Begitu juga dengan ketua MUI sekarang, KH. Ma'ruf Amin, juga sangat percaya dan dapat duduk bersanding dengan Kiai Maqsith Ghazali ketika membahas persoalan hukum di majlis bahtsul masail NU. Perlu diketahui bahwa, KH. Ma'ruf Amin adalah tokoh yang ikut membidani lahirnya fatwa MUI tentang kesesatan Islam liberal. Bahkan keduanya, KH. Makruh Amin dan Kyai Maqsith Ghazali sangat bersahabat dan saling memahami argumentasi hukum masing-masing untuk kemudian sepakat.
Melihat fenomena di atas, maka masyarakat awam hendaklah berhati-hati dan jangan terikut menjadi pembenci JIL seperti ITJil dan kelompok islamisme lainnya. Mereka menyebarkan kebencian terhadap islam liberal hanya karena ketidaktahuan tentang islam atau karena sebab lain yang lebih politis, yaitu kepentingan pribadi dan golongan, juga ideologi.
Ada baiknya kita mengetahui dan memahami islam liberal dengan baik, dengan cara belajar dari sumber yang benar: ulama yang sungguhan dan kitab yang mu'tabarah, bukan ulama dadakan dan kitab editan. Maaf, tidak bermaksud merendahkan siapapun, ternyata sumber kebencian terhadap islam liberal, berasal dari mereka yang memahami ayat dan hadist hanya bersumber dari buku terjemahan. Dengan kata lain, mereka membenci karena pemahaman yang kurang utuh terhadap pesan kitab suci dan Nabi.

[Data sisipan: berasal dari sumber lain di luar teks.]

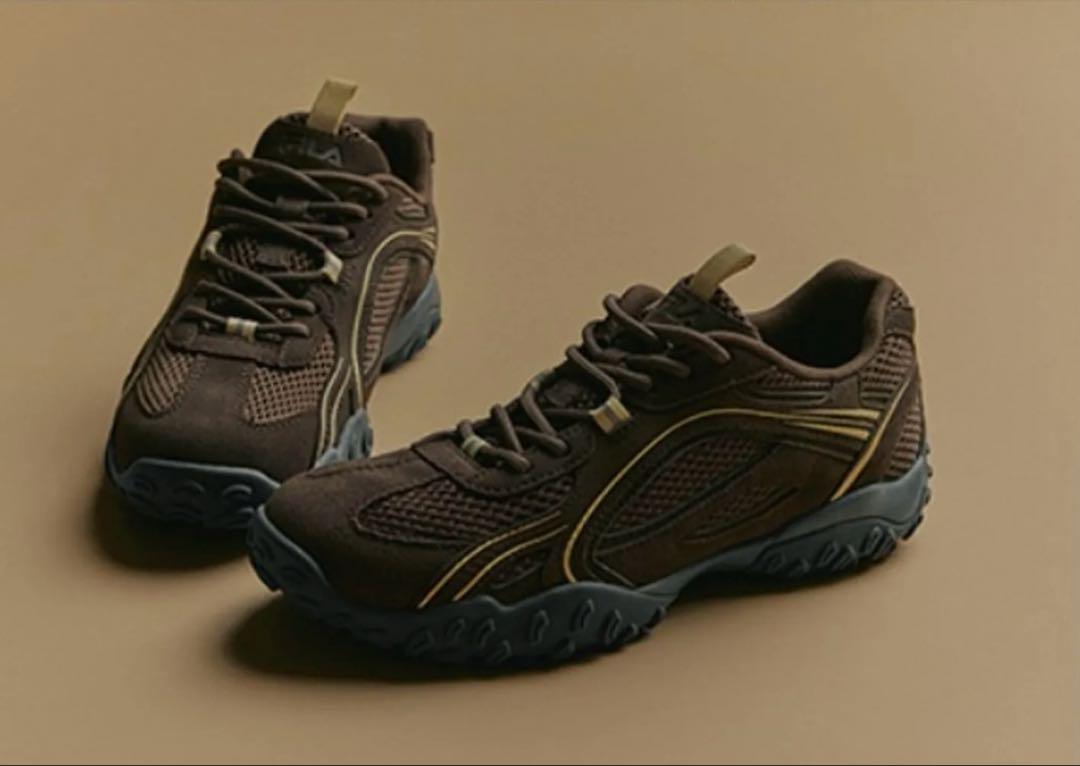 FILA ECHAPPE CHOCO 日本未入荷 新品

Berikutnya, masyarakat awam juga perlu memahami kedudukan fatwa dalam sistem hukum islam dengan benar. Karena sebuah Fatwa, termasuk fatwa MUI, hanyalah pendapat hukum yang bersifat individual, walaupun dilakukan secara kolektif. Dan produk hukum dari fatwa itu, sedikitpun tidak berkekuatan tetap, juga tidak mengikat. Dengan kata lain, posisi fatwa MUI sama dengan fatwa siapapun yang memiliki kompetensi untuk itu. Termasuk yang menentangnya.
==========
Ingat! Hanya mereka yang memiliki kompetensi ilmu-ilmu keislaman saja yang bisa menggali hukum dari sumbernya: alQuran dan Hadist. Minimal mengerti Bahasa Arab, ulumul Quran dan Ushul Fiqih. Dengan kata lain, pendapat hukum dalam islam harus diawali melalui sebuah ijtihad, dan ijtihad harus menggunakan metode yang terpercaya. Bukan seperti yang sekarang banyak dilakukan ustaz karbitan di pesantren kilat. Mereka hanya membaca satu ayat dan satu hadist dari buku terjemahan sudah berani berfatwa dan menghakimi orang lain yang berbeda. Bahkan tanpa dasar ilmu keislaman yang memadai, seenaknya mengatakan para ulama dan kyai sudah sesat.
===========
Bisakah fatwa hukum dicabut?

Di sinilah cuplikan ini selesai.